What is needed. Transcribe only the lines in the data below falling between the line with "Millions of years" and the line with "Visit us anytime", including those two lines, and leave out any picture.
++++ Available data ++++
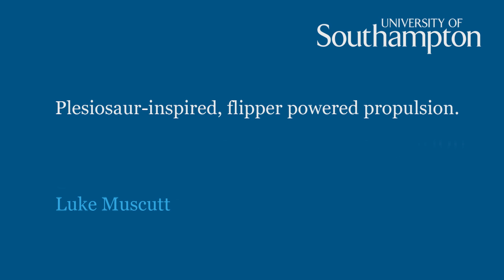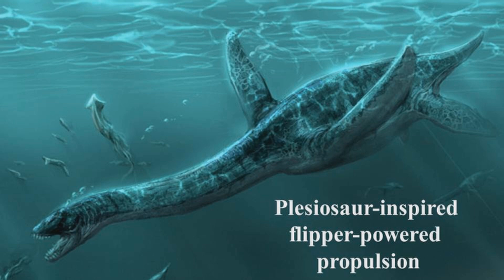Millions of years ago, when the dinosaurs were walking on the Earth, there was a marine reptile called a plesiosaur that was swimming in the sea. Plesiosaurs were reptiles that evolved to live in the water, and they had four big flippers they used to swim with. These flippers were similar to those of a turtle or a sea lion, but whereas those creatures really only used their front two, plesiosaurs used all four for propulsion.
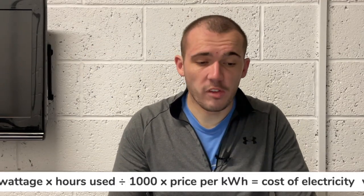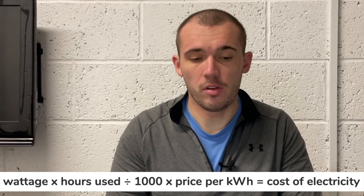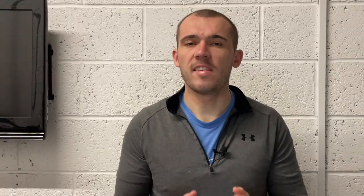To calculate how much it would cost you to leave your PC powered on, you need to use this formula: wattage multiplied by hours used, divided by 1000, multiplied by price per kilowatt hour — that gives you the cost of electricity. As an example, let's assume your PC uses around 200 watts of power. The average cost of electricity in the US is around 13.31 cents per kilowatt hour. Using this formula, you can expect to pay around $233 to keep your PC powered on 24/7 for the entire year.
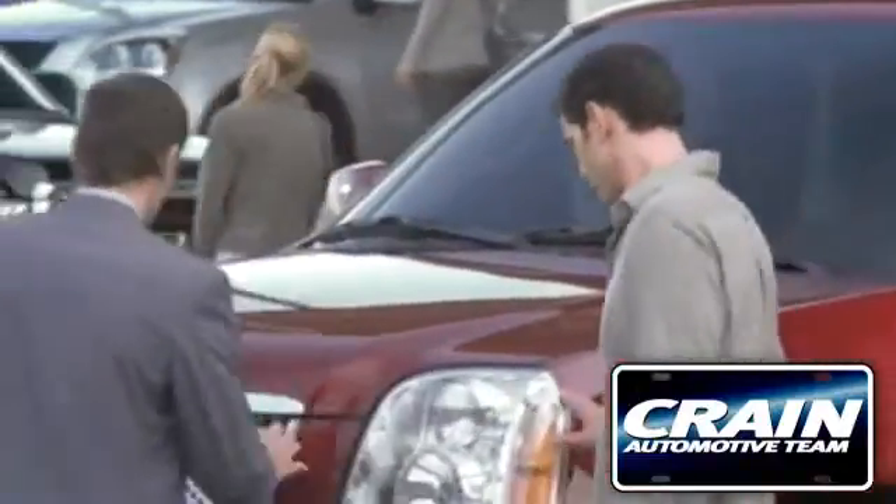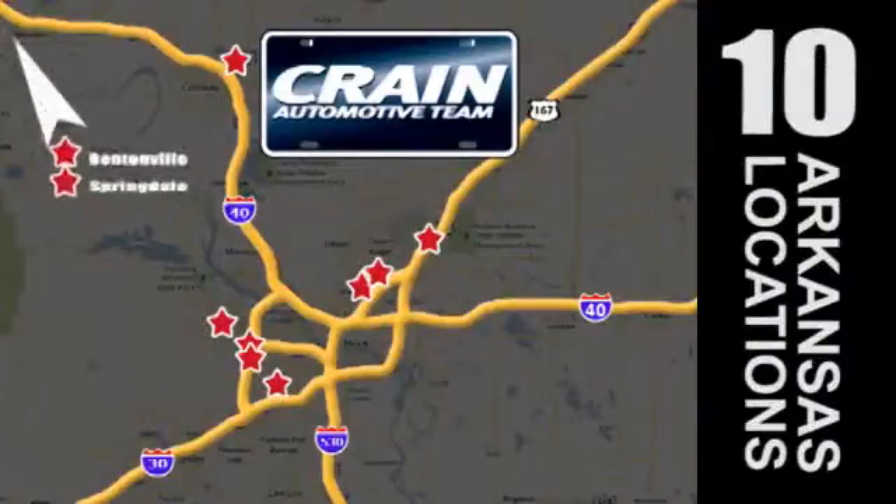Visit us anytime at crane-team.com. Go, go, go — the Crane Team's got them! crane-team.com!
++++
++++ Available data ++++
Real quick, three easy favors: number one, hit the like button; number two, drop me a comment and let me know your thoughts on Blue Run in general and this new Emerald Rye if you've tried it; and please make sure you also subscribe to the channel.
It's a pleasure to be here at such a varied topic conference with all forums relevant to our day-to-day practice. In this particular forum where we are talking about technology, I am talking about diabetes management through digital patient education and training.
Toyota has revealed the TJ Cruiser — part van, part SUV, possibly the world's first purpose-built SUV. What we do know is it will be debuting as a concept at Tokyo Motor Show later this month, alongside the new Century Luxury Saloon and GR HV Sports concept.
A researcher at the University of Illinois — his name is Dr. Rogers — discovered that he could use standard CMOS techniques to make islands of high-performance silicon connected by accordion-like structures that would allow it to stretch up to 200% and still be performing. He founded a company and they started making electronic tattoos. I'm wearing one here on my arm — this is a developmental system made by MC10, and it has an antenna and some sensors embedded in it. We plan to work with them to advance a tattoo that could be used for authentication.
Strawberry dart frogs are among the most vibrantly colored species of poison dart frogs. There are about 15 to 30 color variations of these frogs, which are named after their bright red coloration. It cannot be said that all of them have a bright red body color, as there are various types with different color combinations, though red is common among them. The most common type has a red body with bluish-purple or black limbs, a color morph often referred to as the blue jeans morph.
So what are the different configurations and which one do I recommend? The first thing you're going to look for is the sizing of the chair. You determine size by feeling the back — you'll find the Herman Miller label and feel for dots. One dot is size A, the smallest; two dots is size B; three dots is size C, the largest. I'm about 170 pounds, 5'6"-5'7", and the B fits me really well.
++++
Written answer.
Millions of years ago, when the dinosaurs were walking on the Earth, there was a marine reptile called a plesiosaur that was swimming in the sea. Plesiosaurs were reptiles that evolved to live in the water, and they had four big flippers they used to swim with. These flippers were similar to those of a turtle or a sea lion, but whereas those creatures really only used their front two, plesiosaurs used all four for propulsion.
To calculate how much it would cost you to leave your PC powered on, you need to use this formula: wattage multiplied by hours used, divided by 1000, multiplied by price per kilowatt hour — that gives you the cost of electricity. As an example, let's assume your PC uses around 200 watts of power. The average cost of electricity in the US is around 13.31 cents per kilowatt hour. Using this formula, you can expect to pay around $233 to keep your PC powered on 24/7 for the entire year.
Visit us anytime at crane-team.com. Go, go, go — the Crane Team's got them! crane-team.com!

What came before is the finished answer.